E Teia se uniu em amor a Hipérion e deu à luz o grande Hélio (Sol), a clara Selene (Lua) e Eos (Aurora), que brilha para todos os que estão sobre a terra e para os deuses imortais que habitam o vasto céu.
Hesíodo, Teogonia 371 (trad. Hugh G. Evelyn-White, 1914)
O trajeto de todos os dias
A Odisseia abre o terceiro canto com o nascer do sol, e a fórmula que Homero usa diz duas coisas ao mesmo tempo: o céu é de bronze — sólido, uma abóbada — e a luz é um serviço prestado tanto aos homens quanto aos deuses.
E agora o sol, deixando o belo lago, subiu ao céu de bronze para dar luz aos imortais e aos homens mortais sobre a terra, dispensadora de grãos.
Homero, Odisseia 3.1 (trad. Augustus Taber Murray, 1919)
Ovídio descreve o outro extremo do trajeto: o palácio de onde o Sol parte. O verso latino é o começo do segundo livro das Metamorfoses, e a imagem é de arquitetura, não de céu — colunas, ouro, marfim.
O palácio do Sol erguia-se alto sobre colunas altíssimas, resplandecente de ouro fulgurante.
Ovídio, Metamorfoses 2.1 (texto latino)
A taça que atravessa o Oceano
Para voltar do poente ao nascente, Hélio navega. O objeto que o leva é uma taça de ouro, e a única razão de sabermos disso é que ele a emprestou uma vez — a Héracles, no décimo trabalho, quando o herói, fervendo de calor no caminho, apontou o arco contra o próprio Sol.
Mas, sendo aquecido pelo Sol durante a jornada, retesou o arco contra o deus, o qual, em admiração pela sua audácia, deu-lhe uma taça de ouro na qual ele atravessou o oceano.
Pseudo-Apolodoro, Biblioteca 2.5.10 (trad. Sir James George Frazer, 1921)
★ A ameaça que fez Zeus ceder
A cena mais reveladora sobre o poder de Hélio está na Odisseia, e nela um deus de segunda linha põe o rei do Olimpo contra a parede. Os companheiros de Ulisses comeram o gado sagrado do Sol, e a filha dele vai contar.
«Depressa então veio a Hélio Hipérion a Lampécia de longos vestidos, trazendo notícia de que tínhamos matado o gado dele; e logo ele falou entre os imortais, irado no coração: “Pai Zeus, e vós outros deuses bem-aventurados que sois para sempre, tomai agora vingança dos companheiros de Ulisses, filho de Laertes, que insolentemente mataram o meu gado…”»
Homero, Odisseia 12.374 (trad.
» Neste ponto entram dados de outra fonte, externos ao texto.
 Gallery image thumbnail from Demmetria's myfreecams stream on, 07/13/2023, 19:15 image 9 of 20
Augustus Taber Murray, 1919)
★★★ E o que vem a seguir é a frase que decide o episódio: **se não o vingarem, ele desce ao Hades e passa a brilhar para os mortos.** Não é bravata — é a única ameaça de greve da mitologia grega, e o objeto dela é o dia.
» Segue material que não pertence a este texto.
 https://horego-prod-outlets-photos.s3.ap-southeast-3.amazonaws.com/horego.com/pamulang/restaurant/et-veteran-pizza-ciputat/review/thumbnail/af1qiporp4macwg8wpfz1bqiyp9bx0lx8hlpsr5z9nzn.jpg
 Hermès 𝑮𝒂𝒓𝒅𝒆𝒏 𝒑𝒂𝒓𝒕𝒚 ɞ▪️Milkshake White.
Zeus cede na hora e afunda o navio com um raio. ⚠ **O rei dos deuses não pune por justiça: pune para o Sol não sair do lugar.** Ver Zeus, Hades e Teia, que é a mãe dele.
A testemunha
Porque atravessa o céu inteiro todos os dias, Hélio vê o que ninguém viu. Essa é a função dele nos mitos alheios: é ele quem conta a Deméter que Hades levou Perséfone, e é ele quem revela a Hefesto o adultério de Ares e Afrodite. A Odisseia guarda a fórmula desta segunda história, e nela o Sol aparece como o informante.
Mas logo veio até ele alguém com a notícia — Hélio, que os havia visto enquanto jaziam juntos em amor.
Homero, Odisseia 8.270 (trad. Augustus Taber Murray, 1919)
Daí o costume, atestado por toda a poesia grega, de invocar o Sol como testemunha de um juramento: quem jura por Hélio jura diante de quem esteve presente.